In the 2009/2010 school year there were a total of 464 students in the Sainte-Croix school district. In the Vaud cantonal school system, two years of non-obligatory pre-school are provided by the political districts. During the school year, the political district provided pre-school care for a total of 578 children of which 359 children (62.1%) received subsidized pre-school care. The canton's primary school program requires students to attend for four years. There were 223 students in the municipal primary school program. The obligatory lower secondary school program lasts for six years and there were 223 students in those schools. There were also 18 students who were home schooled or attended another non-traditional school.

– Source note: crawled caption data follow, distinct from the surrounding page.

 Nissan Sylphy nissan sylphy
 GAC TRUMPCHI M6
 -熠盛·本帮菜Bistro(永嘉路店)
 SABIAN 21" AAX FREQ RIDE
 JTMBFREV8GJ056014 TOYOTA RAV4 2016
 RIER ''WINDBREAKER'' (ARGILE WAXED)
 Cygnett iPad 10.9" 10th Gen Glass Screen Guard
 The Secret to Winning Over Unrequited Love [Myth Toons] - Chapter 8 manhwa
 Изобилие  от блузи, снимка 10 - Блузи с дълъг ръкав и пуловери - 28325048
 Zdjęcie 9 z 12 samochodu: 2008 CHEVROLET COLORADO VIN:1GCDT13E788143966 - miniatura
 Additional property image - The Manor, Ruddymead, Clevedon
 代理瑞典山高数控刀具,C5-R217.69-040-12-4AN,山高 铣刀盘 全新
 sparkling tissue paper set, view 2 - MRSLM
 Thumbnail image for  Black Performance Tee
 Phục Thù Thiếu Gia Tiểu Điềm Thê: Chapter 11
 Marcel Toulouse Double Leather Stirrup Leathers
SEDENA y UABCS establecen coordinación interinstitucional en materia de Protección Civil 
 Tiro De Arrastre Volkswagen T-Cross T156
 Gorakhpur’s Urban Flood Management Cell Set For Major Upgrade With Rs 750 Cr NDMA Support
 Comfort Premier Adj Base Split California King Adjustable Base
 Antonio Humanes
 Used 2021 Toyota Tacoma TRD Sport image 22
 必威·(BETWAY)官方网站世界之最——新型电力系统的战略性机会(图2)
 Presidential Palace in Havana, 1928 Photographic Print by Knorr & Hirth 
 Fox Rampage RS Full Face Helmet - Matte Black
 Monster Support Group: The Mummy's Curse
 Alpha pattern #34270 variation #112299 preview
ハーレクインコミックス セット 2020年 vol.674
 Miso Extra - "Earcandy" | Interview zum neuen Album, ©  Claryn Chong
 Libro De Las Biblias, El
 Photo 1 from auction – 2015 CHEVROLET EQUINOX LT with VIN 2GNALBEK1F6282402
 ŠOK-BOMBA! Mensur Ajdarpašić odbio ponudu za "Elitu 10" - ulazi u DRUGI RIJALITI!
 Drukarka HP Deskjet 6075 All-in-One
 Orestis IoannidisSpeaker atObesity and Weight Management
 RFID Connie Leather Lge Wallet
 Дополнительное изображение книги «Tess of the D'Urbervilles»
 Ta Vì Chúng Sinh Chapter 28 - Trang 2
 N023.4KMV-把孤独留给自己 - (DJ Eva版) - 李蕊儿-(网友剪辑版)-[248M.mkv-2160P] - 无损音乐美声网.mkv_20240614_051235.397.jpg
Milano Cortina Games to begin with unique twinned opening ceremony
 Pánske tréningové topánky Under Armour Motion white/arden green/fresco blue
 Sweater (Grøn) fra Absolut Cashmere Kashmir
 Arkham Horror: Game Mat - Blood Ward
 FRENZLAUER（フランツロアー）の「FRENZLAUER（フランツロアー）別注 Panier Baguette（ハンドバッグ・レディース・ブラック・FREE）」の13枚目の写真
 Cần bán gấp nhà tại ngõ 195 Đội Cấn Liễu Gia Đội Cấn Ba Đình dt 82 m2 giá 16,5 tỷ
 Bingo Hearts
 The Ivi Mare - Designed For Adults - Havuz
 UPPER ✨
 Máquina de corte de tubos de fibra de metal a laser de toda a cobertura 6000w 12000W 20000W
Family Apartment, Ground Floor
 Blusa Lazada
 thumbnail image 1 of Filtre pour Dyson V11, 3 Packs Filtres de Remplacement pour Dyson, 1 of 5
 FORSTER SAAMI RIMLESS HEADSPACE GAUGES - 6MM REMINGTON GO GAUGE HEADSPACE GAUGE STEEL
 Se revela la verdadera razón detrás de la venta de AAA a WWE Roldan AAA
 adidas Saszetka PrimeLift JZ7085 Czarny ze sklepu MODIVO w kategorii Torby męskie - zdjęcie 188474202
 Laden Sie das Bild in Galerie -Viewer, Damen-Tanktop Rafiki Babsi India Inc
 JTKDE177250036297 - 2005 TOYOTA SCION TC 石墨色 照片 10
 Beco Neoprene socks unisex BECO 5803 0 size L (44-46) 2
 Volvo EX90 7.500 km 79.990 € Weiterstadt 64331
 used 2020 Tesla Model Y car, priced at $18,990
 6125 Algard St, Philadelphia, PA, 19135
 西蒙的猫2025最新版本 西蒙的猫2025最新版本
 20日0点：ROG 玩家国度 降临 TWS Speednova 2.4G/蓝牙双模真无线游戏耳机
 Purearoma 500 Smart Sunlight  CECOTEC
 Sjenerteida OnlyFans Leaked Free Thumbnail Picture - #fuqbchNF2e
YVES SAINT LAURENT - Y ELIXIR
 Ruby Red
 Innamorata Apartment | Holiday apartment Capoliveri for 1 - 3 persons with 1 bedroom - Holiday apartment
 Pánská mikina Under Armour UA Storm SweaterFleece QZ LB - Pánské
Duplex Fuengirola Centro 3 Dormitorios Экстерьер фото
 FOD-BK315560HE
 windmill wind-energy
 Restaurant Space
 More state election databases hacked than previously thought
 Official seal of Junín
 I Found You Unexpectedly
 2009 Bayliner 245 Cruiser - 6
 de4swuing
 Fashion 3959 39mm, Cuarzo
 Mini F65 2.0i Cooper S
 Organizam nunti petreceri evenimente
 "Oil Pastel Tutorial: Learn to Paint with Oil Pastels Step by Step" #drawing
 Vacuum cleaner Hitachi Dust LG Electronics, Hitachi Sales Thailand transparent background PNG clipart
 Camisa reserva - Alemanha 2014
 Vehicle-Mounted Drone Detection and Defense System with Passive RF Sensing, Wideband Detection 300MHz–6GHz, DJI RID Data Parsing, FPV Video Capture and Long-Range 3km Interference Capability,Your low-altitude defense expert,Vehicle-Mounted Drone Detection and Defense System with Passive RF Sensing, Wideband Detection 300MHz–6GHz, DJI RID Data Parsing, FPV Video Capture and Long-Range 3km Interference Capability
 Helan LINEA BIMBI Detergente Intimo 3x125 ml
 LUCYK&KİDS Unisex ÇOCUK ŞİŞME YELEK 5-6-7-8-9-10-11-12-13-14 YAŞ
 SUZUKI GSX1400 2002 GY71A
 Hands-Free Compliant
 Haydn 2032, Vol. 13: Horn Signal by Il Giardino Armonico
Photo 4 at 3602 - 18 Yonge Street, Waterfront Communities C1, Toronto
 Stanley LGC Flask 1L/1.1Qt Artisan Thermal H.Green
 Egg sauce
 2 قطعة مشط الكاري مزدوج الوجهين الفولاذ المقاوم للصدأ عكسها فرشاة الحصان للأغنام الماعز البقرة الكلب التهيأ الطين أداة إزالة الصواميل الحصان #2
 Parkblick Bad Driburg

As of 2000, there were 160 students in Sainte-Croix who came from another municipality, while 106 residents attended schools outside the municipality.

Sainte-Croix is home to the Musée des Arts et des Sciences and the CIMA. In 2009 the Musée des Arts et des Sciences was visited by 757 visitors (the average in previous years was 530). In 2009 the CIMA was visited by 14,171 visitors (the average in previous years was 18,096).

==Sport==
In the winter, it is a popular winter sports resort.